Federal data center consolidation requires ‘baby steps’

Market research firm Input just released their report, \"An Assessment of the 2010 Federal Data Center Consolidation Initiative.\" Angie Petty, principal analys...

The initiative to consolidate more than 1,100 federal data centers will take “baby steps,” said Angie Petty, principal analyst at market research firm Input, in an interview with DorobekINSIDER.

A report by Input says progress is slow due to lack of funds, time and resources.

These roadblocks “present major obstacles to this initiative being the game-changing program that it could be,” according to the report.

In the last decade, the number of federal data centers has jumped from 400 to 1,100. Efforts to consolidate began earlier this year as part of the 2010 Federal Data Center Consolidation Initiative to reduce energy use and IT costs while increasing IT security.

As reported by Federal News Radio, Federal Chief Information Officer Vivek Kundra said the Obama administration’s sustainability goals, along with its mandate to reduce the amount of real estate the government owns or manages, are key pieces to every agency’s data center strategy.

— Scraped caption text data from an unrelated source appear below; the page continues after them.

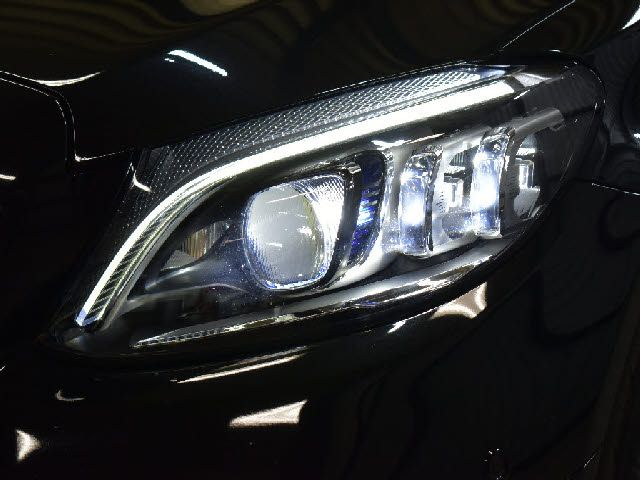 MERCEDES BENZ C CLAS 2019 Image 31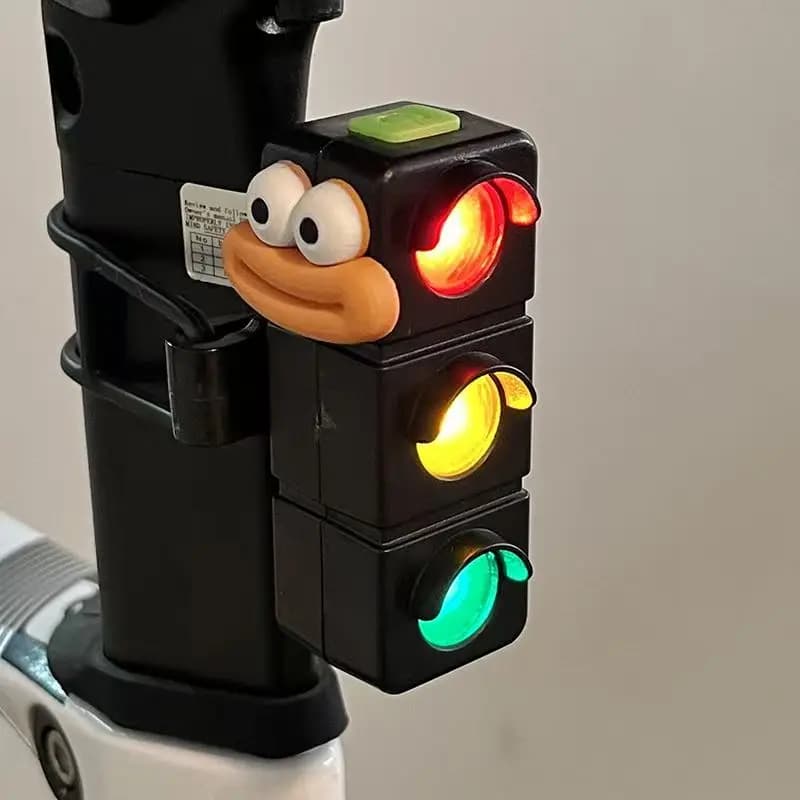 Creative Traffic Light Shape Cute LED Bike Light Rechargeable Bicycle Rear Waterproof Taillight Cycling Night Safety Warning
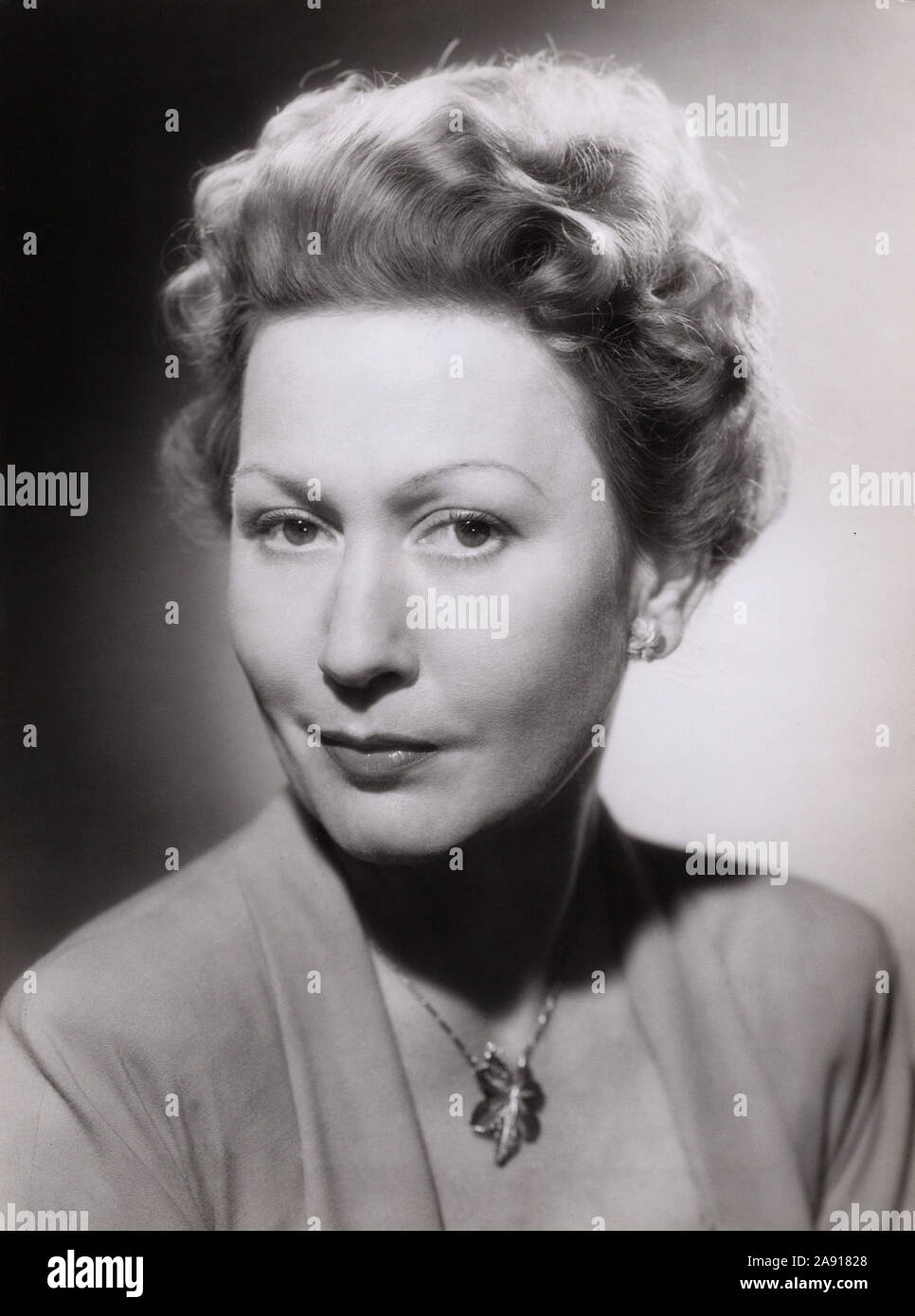 Heli Finkenzeller, deutsche Bühnen- und Deutschland, Filmschauspielerin 1950er Jahre. Théâtre Allemand et actrice film Heli Finkenzeller, l'Allemagne des années 1950. Banque D'Images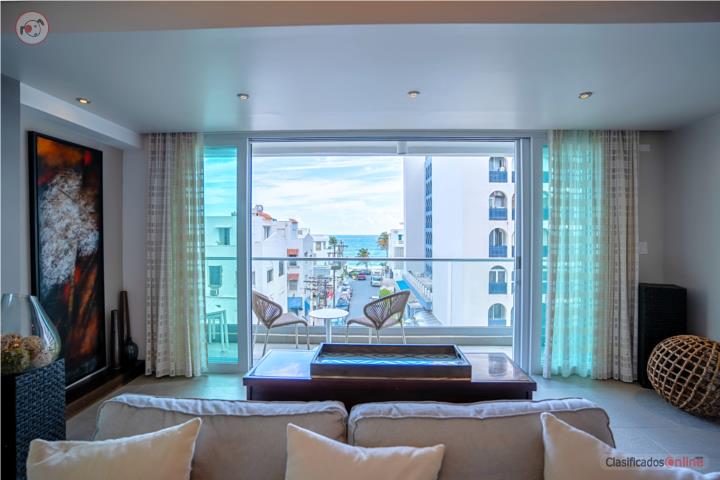 1124 Ashford Av: Live in the Heart of Condado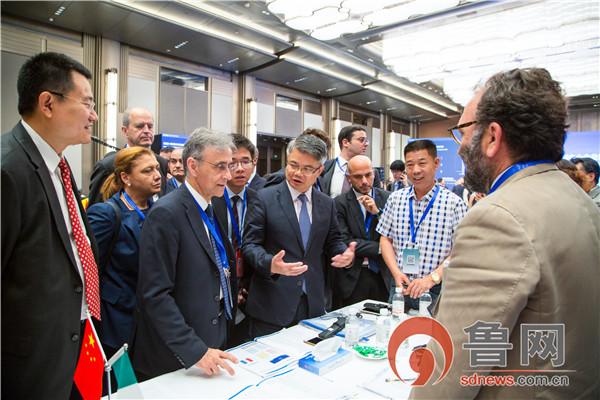 最新银行招聘,实地观察数据设计_传承版94.891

But some data center managers view the task as an “unfunded mandate,” Petty said.

Consolidation will require immediate funds for new software and servers, she said.

“So there needs to be some upfront spending in many cases in order to realize the back-end gain,” Petty said.

The initiative will also require costs to hire vendors, an opportunity for contractors who can help with designing and implementing solutions.

“We’ve been seeing some interesting, innovative projects from contractors,” Petty said.

The Obama administration wants consolidation of the federal data centers done quickly, presenting yet another challenge.

“Most agencies are moving toward this and plan to do some implementation,” Petty said. “It’s just going to be on a smaller scale and taking baby steps toward the end goal.